Essa alocação e hierarquização entre sujeitos lembra o que o Manuell Castells

(2008, p. 22) denomina de papéis sociais, em que o comportamento das pessoas

(função social) é estruturado por vetores de força dominantes, derivados, como

aponta Dagnino acima, de uma estrutura de sociedade desigual. “Esse autoritarismo

engendra formas de sociabilidade e uma cultura autoritária de exclusão que subjaz

25

ao conjunto das práticas sociais e reproduz a desigualdade nas relações sociais em

todos os seus níveis” (Dagnino, 2004, p. 110).

Em face dessa perspectiva, os movimentos mais recentes veem na cidadania o

caminho para a transformação dessa estrutura discrepante, ou seja, para a conquista

de direitos de ordem civil, política e social. Para isso, os movimentos buscaram

incorporar novos sujeitos sociais nessa luta, a fim de constituir na sociedade uma

consciência política de seus direitos. Nesse processo, a mídia tornou-se um

instrumento de luta, sobretudo a imprensa alternativa. Uma vez que, de acordo com

Lahni (2005), para reivindicar, proteger, exerce direitos e busca ampliá-los, quem

está informado.

Conquistar uma cidadania plena em uma sociedade altamente desigual e segregadora, na qual o acesso aos bens econômicos está concentrado numa minoria da população, enquanto milhões de pessoas encontram-se excluídas do usufruto dos direitos mais fundamentais, torna-se um enorme desafio. Por isso, a ampliação e os avanços da cidadania estão intrinsecamente relacionados com as reivindicações, as lutas e as manifestações sociais (PINSKY, 2003).

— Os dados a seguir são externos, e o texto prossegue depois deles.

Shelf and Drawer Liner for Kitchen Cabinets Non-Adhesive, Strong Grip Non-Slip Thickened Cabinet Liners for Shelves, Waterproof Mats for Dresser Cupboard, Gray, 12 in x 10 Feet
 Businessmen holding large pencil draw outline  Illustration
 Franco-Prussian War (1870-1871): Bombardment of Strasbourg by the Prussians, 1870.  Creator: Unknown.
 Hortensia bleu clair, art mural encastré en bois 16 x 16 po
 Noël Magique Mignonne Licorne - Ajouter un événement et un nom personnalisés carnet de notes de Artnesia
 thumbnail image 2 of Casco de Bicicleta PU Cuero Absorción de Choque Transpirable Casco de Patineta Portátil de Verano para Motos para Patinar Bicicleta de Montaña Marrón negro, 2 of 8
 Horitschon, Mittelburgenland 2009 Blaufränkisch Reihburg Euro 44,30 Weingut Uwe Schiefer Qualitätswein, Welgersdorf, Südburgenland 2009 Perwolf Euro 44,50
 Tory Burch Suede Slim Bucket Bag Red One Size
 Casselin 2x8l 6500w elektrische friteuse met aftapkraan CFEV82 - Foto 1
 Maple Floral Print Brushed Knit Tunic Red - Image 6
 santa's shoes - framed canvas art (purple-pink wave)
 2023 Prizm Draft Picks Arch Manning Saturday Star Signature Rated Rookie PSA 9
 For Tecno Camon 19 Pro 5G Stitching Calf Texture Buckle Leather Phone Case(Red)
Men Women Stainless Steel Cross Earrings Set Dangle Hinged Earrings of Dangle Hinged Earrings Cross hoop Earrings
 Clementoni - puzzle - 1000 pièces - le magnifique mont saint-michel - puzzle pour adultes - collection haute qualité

É válido pontuar aqui, para aprofundamento posterior, que nesse processo de

luta por cidadania, os movimentos também passam a analisar dentro da

comunicação como os diferentes grupos humanos são representados e os

significados que lhes é atribuído nesses veículos (CAPELINI; VICENTE, 2010).

Dessa forma, os movimentos concentram-se na cidadania com ênfase nos direitos

(coletivos e individuais) da população. Como pontua Peruzzo (2001, p. 114 -115), os

direitos ligados à cidadania são aqueles relativos a conforto econômico-social, no

sentido de igualdade, ter direito a poderes políticos, e à liberdade de expressão

identitária.

Para este trabalho, vale destacar, entre esses movimentos contemporâneos

que se redefiniram a partir do final da década de 1990, adquirindo uma “roupagem”

mais centralizada na conquista e consciência dos direitos, o movimento de mulheres.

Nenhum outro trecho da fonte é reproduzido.